DE102007061420A1 - A device for generating compressed air for a vehicle and method for operating a device for compressed air generation - Google Patents

Abstract

The invention relates to a drive motor (10) for a vehicle (12), having a plurality of cylinder chambers (14, 16, 18, 20, 22, 24), a collecting duct (26) and engine brake valves (14 ', 16', 18 ', 20 ', 22', 24 '), via which the cylinder chambers (14, 16, 18, 20, 22, 24) with the collecting channel (26) are connectable. According to the invention, a dispensing valve (28) is arranged on the collecting channel (26) via which the collecting channel (26) can be connected to a delivery line (30) of a compressed air treatment plant (32). The invention further relates to a method for supplying a vehicle (12) having a drive motor (10) with compressed air.

Description

The The invention relates to a drive motor for a vehicle, having a plurality of cylinder chambers, a collecting channel and engine brake valves, over the cylinder chambers can be connected to the collecting channel.

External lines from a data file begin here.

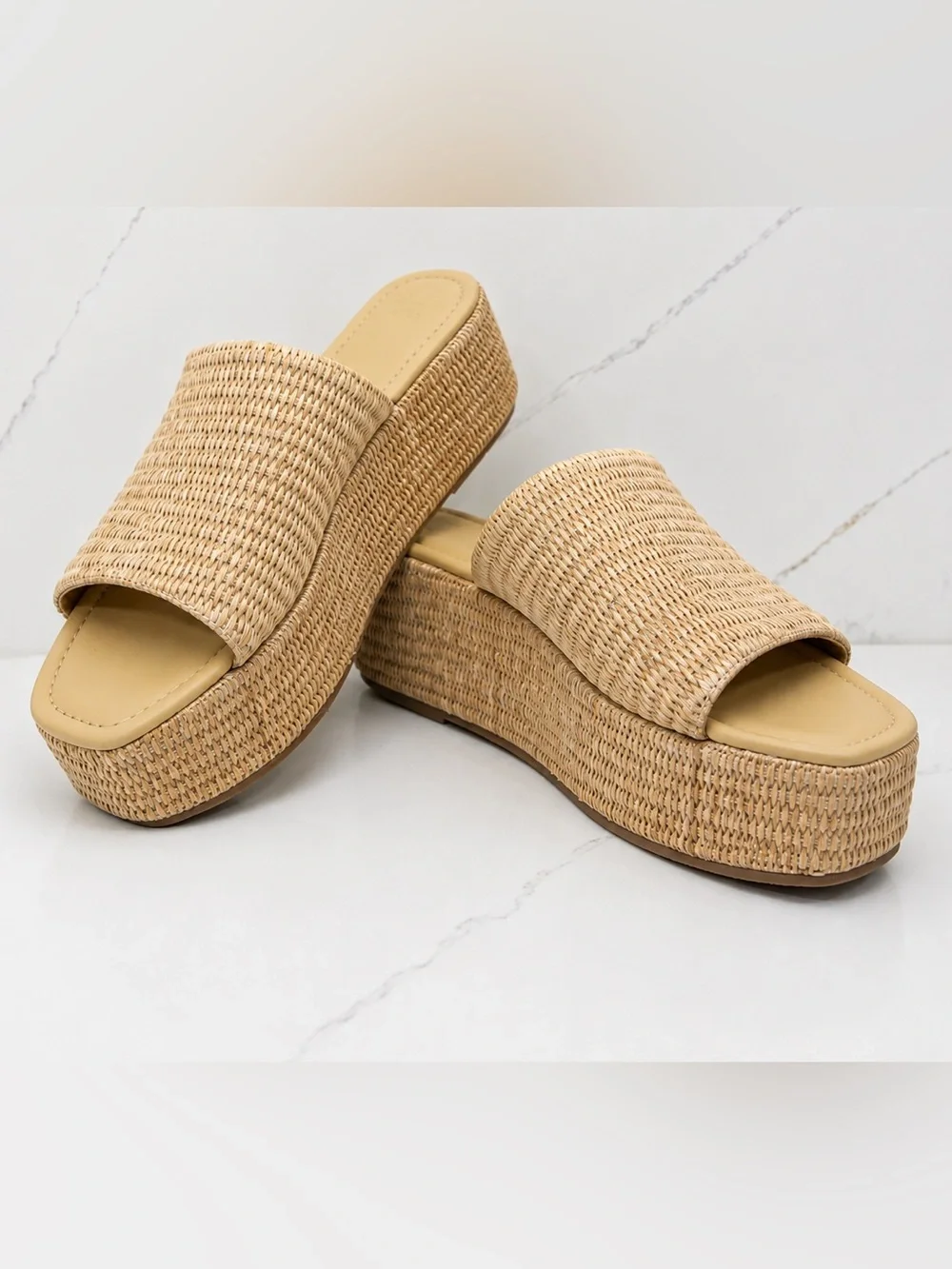 NWT Abercrombie & Fitch Natural Woven Tan Platform Slide Sandals
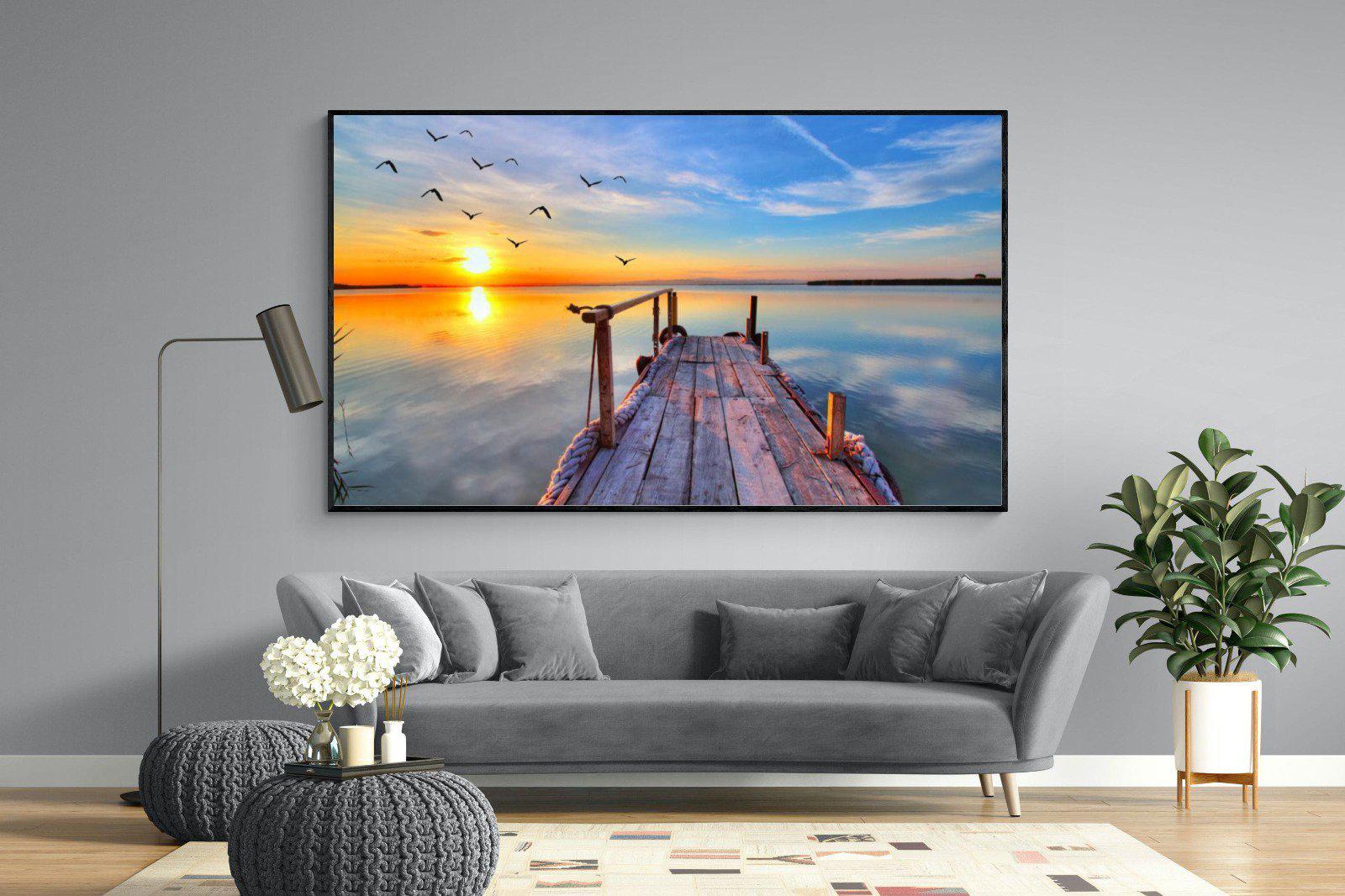 Sunrise Jetty-Wall_Art-220 x 130cm-Mounted Canvas-Black-Pixalot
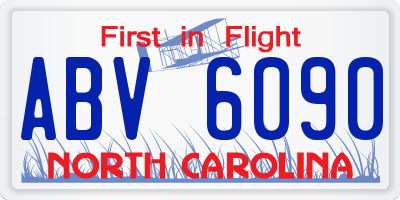 NC license plate ABV6090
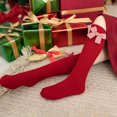 thumbnail image 2 of Zwiiyzr Little Girl'S Christmas Knee High Socks Mid-Calf Socks Fall And Winter New Year'S Socks Christmas Gift Stockings Suitable For 3-12 Years Old Age Red, 2 of 5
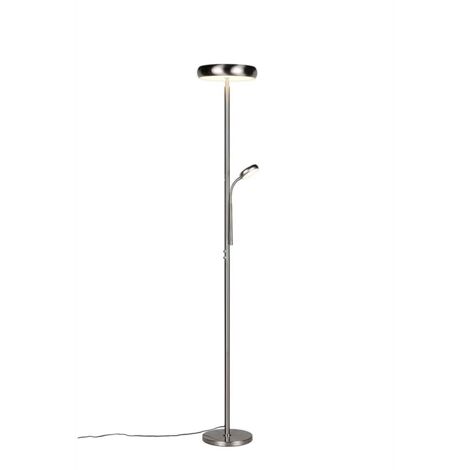 Lampadaire LED, lampe de bureau, nickel mat, dimmable, télécommande, H 183 cm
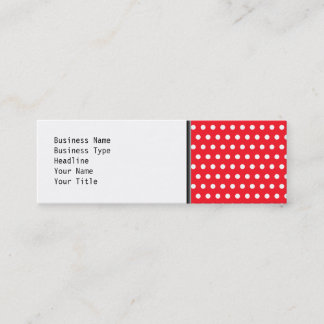 Carte De Visite Mini Motif de point rouge et blanc de polka. Tacheté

The The invention further relates to a method for supplying a Drive motor having vehicle with compressed air, wherein the drive motor several cylinder chambers, a collecting duct and engine brake valves, via which the cylinder chambers with connectable to the collecting channel has.

modern Vehicles, such as commercial vehicles and passenger cars in traffic or railways in rail transport, have many compressed air consumers on, the compressed air demand usually from a compressed air supply system comprising a compressor, is satisfied. For example, to the air consuming facilities a service brake and air suspension belong. The compressed air generating compressor becomes common driven directly by the prime mover, which is also for propulsion of the vehicle is used.

adversely this is that at all a compressor is needed for generating compressed air in the vehicle, claimed the space and increases the weight of the vehicle.

Of the Invention is based on the object, a compressor for compressed air generation for the vehicle to make dispensable in normal operation.

These The object is achieved with the features of the independent claim.

advantageous embodiments of the invention are in the dependent claims specified.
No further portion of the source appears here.